E poi c’è la questione delle due telefonate fatte da uno dei tre minorenni.
"Per me quelle telefonate sono molto importanti. Una prima e una dopo il delitto. Per quello che so, il ragazzo parlava con un adulto. La chiamata dopo l’omicidio dura quasi un minuto. È molto. Come se il ragazzo avesse dovuto raccontare, riferire qualcosa. Perché non è stato verificato a chi era indirizzata la chiamata e cosa si sono detti? Forse sarebbe potuto saltare fuori il mandante".

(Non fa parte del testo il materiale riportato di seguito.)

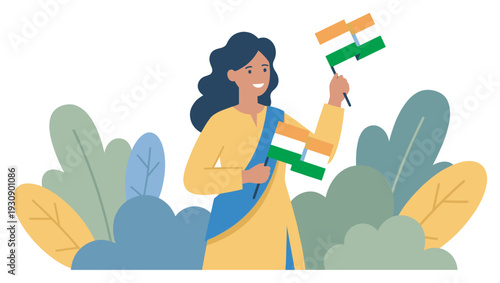 Indian woman proudly holds two national flags, celebrating her country's independence day and rich cultural heritage with a joyful smile.
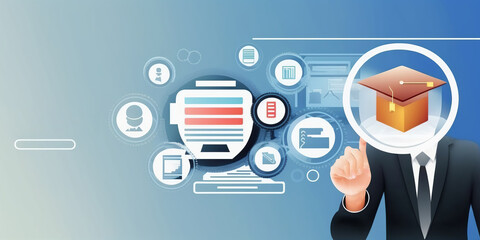Poster - For professional development and personal growth, use the internet for online education courses and e-learning webinars. classes online to learn new skills - Generative AI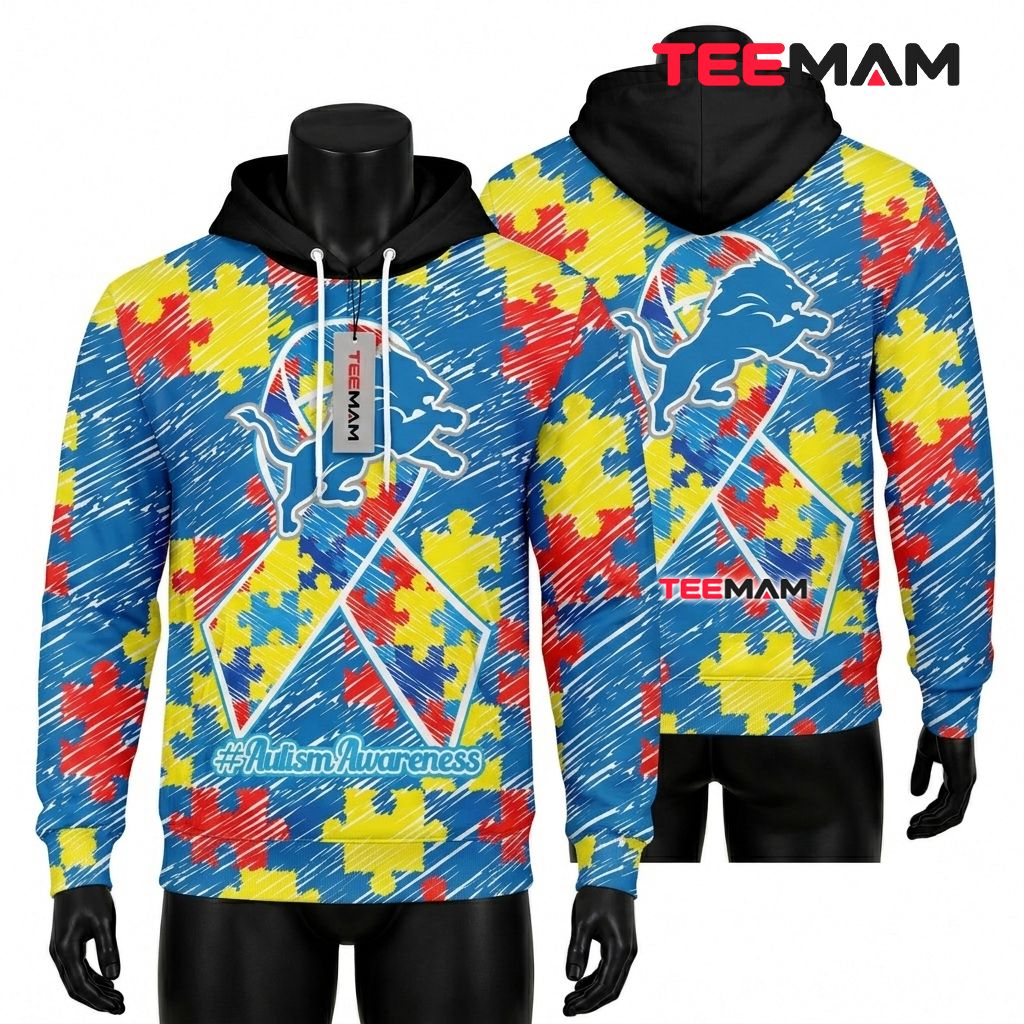 Detroit Lions All Over Print 3D Hoodie Autism Scribble Ribbon Front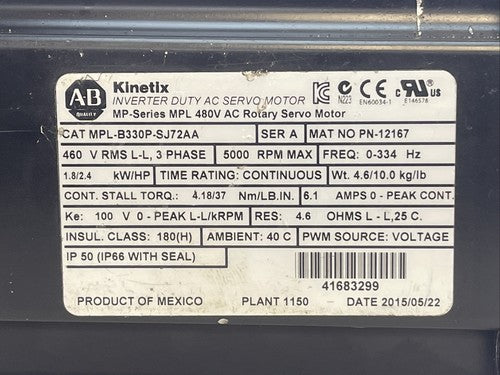 ALLEN BRADLEY MPL-B330P-SJ72AA SERVO MOTOR SER A 5000RPM 1.8/2.4 kW/HP 6.1AMP1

Cos’altro non la persuade?
"Il giorno dopo vanno per fare sparire il corpo. Non ci riescono. È una circostanza di cui quasi mai si parla. Continuo a pensare che ad aiutarli ci fosse qualche adulto. C’è il particolare del sacco nero. Il coltello, le fascette autobloccanti per legarla hanno la loro spiegazione. Il sacco nero è venuto dopo, quando si trattava di prendere il corpo. È una deduzione logica. E poi mi chiedo un’altra cosa. Desy svanisce il pomeriggio di sabato. Il giorno dopo, domenica, era già scattato l’allarme, le ricerche erano iniziate. Eppure, con tutte le persone che giravano per Leno, quelli hanno potuto andare alla cascina senza che nessuno li notasse".
Pensa a chi l’ha privata di una figlia?
"Inevitabile. Soprattutto penso che potrebbero iniziare a dire tutta la verità ma credo anche che questo non accadrà mai. Perché dovrebbero andare a cercarsi altri guai?".
Dei tre c’è chi ha famiglia, uno è padre. Cosa potrebbero dire, un giorno, ai loro figli?
"Niente. A mio parere non diranno proprio niente. Ritengono di avere pagato. Ai loro occhi sono a posto".
Il primo ricordo, la prima immagine che le si affaccia di Desirée.
"Il suo sorriso, era sempre sorridente. Il suo modo di fare gentile".
Che persona sarebbe se avesse potuto vivere?
"Oggi sarebbe sposata, avrebbe la sua famiglia, dei figli. Era un suo desiderio quello di avere una famiglia numerosa".